2 min • Digitized on February 14, 2022

From The Spirit of St. Francis de Sales, page 174
By His friend, Jean Pierre Camus, Bishop of Belley

UPON BEARING WITH IMPORTUNITIES.

Blessed Francis laid great stress upon the necessity of patience when we are importuned. He would say:

Yet, patience seems almost too great a power to invoke in this matter. In reality a little gentleness, forbearance, and self-control ought to suffice.

Still, when we speak of patience it must not be as if it were to be employed only in the endurance of really great evils, for, while we are waiting for these notable occasions that occur rarely in a lifetime, we neglect the lesser ones.

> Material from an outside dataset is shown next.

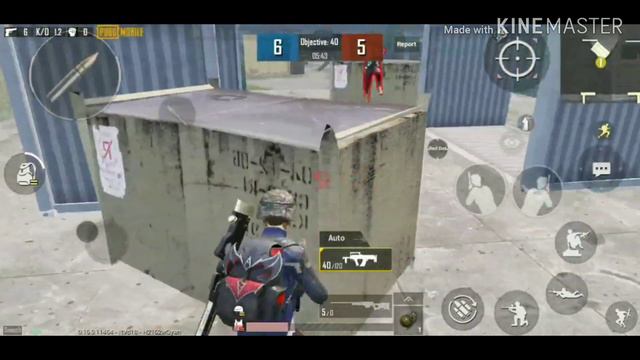 Rambo vs Gassy TDM pubg mobile (botje🤣) смотреть онлайн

We imagine that our patience is capable of putting up with great sufferings and affronts, and we give way to impatience under the sting or bite of an insect.

We fancy that we could help, wait upon, and relieve our neighbour in long or severe sickness, and yet we cannot bear that same reighbour’s ill-bred manner, and irritating moods, his awkwardness and incivility, and above all his importunity, especially if he comes just at the wrong moment to talk to us about matters which seem to us frivolous and unimportant.

We triumphantly excuse ourselves for our impatience on these occasions by alleging our deeps sense of the value of time; that one only thing, says an ancient writer, with regard to which avarice is laudable.

But we fail to see that we employ this precious time in doing many things far more vain and idle than in the satisfying the claims of our neighbour, and possibly less important than those about which he talks to us, occasioning what we call loss of time.

When we are conversing with others we should try to please them and to show that their conversation is agreeable to us, and when we are alone we should take pleasure in solitude.

Unfortunately, however, our minds are so inconsistent that we are always looking behind us, like Lot’s wife. In company we sigh for solitude, and in solitude, instead of enjoying its sweets, we hanker after the company of others.